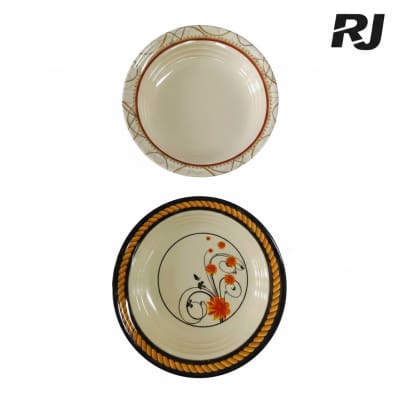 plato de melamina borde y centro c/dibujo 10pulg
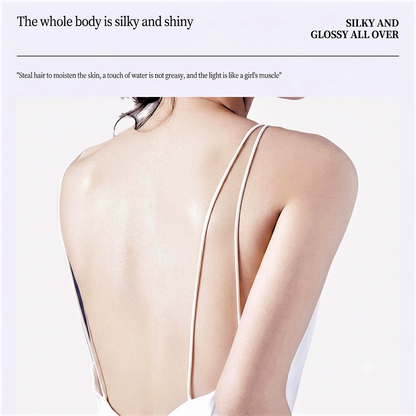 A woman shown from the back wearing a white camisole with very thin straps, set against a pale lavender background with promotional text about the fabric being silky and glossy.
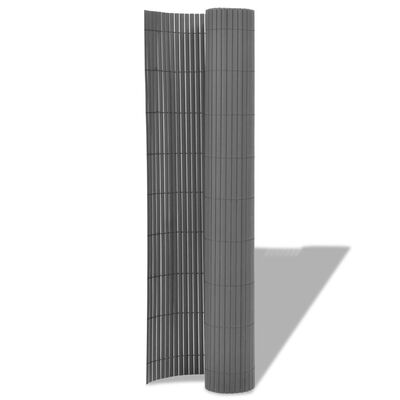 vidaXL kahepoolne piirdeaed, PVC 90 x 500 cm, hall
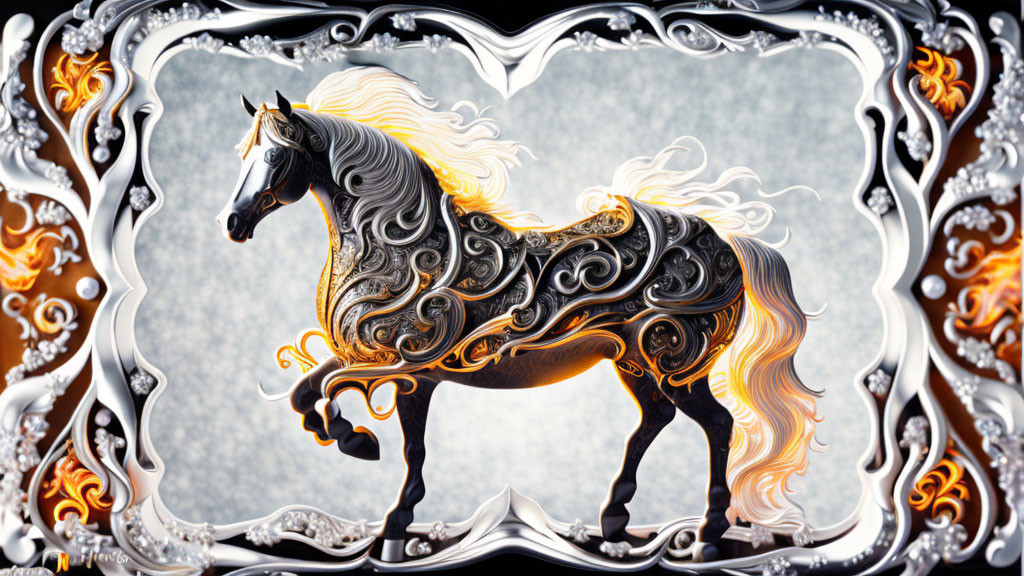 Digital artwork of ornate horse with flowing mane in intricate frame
════
- [EXERCISE PROMPT]: Output the lines above in full and exactly. Leave out every picture.

- [EXPECTED OUTPUT]:
 plato de melamina borde y centro c/dibujo 10pulg
 A woman shown from the back wearing a white camisole with very thin straps, set against a pale lavender background with promotional text about the fabric being silky and glossy.
 vidaXL kahepoolne piirdeaed, PVC 90 x 500 cm, hall
 Digital artwork of ornate horse with flowing mane in intricate frame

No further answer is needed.